Friday 25 May 2018

Let sickness blast, let death devour: Died in Diptheria, Grand Bank, 1884

Recently, this stone caught my eye in the Old Methodist Cemetery in Grand Bank, Newfoundland. The stone reads:

HARRIET PATTE [broken, possibly PATTEN]

Yet these now rising from the tomb
With lustre brighter far shall shine
Revive with ever during bloom
Safe from diseases and decline.


There are several markers from the 1880s in the cemetery noting that the individual interred died of diphtheria. Archivist Larry Dohey has noted, "A diphtheria epidemic raged throughout Newfoundland from 1888 -1891, medical officials identified at least 3,183 cases and it had resulted in at least 624 deaths."

The phrase "died in diptheria" is intriguing. Other markers in the cemetery use the phrase "died of" rather than "died in." Also, the spelling of diptheria (without the first "H") seems to have peaked in the 1860s, and then was surpassed and largely replaced with the current spelling of diphtheria.

Below: Uses of the words diptheria vs diphtheria, 1800-present

The "Yet these now rising from the tomb" epitaph is taken from Hymn 46 "The morning flowers display their sweets," published in "A Collection of Hymns, for the use of the people called Methodists" by the Rev. John Wesley, 1790, and is attributed to Samuel Wesley, Jr.:

THE morning flowers display their sweets,
And gay their silken leaves unfold
As careless of the noontide heats,
As fearless of the evening cold.

Nipt by the wind's unkindly blast,
Parched by the sun's directer ray,
The momentary glories waste,
The short-lived beauties die away.

So blooms the human face divine,
When youth its pride of beauty shows;
Fairer than spring the colours shine,
And sweeter than the virgin rose.

Or worn by slowly-rolling years,
Or broke by sickness in a day,
The fading glory disappears,
The short-lived beauties die away.

Yet these, new rising from the tomb,
With lustre brighter far shall shine;
Revive with ever-during bloom,
Safe from diseases and decline.

Let sickness blast, let death devour,
If heaven must recompense our pains:
Perish the grass, and fade the flower,
If firm the word of God remains.

The stone carving itself is attributed to J. McIntyre, and is most likely the work of the Standard Marble Works, a St.
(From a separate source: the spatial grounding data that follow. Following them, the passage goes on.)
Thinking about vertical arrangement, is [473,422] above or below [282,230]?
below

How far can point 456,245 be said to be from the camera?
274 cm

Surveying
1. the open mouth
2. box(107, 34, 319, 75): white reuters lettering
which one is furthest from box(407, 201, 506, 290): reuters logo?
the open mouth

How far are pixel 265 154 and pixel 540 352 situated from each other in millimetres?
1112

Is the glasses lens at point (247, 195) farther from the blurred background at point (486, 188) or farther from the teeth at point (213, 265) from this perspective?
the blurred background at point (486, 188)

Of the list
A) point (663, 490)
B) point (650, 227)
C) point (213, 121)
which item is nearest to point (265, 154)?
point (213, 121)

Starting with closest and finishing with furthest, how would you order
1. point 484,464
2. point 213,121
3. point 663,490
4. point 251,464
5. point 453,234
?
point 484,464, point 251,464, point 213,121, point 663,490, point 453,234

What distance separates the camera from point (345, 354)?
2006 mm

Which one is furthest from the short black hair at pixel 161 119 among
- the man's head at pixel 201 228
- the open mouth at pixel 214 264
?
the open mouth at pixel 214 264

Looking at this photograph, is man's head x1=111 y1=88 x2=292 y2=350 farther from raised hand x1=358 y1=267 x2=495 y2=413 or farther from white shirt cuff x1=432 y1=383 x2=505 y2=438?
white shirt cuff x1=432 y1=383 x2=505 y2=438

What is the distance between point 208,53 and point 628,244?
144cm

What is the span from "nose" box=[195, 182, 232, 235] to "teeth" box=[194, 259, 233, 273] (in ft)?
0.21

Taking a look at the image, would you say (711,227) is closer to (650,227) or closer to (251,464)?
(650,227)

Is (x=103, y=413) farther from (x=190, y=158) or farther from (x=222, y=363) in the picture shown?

John's-based firm under the direction of James McIntyre, as advertised below in the Evening Telegram  of 1892-09-05. A high percentage of the monuments of the same period in the cemetery bear the maker's mark McIntyre or J. McIntyre. The stone is somewhat damaged along the top and top right, but it could have potentially been topped with a carved lamb, a common motif for the markers of children, and a motif seen on similar monuments in the cemetery.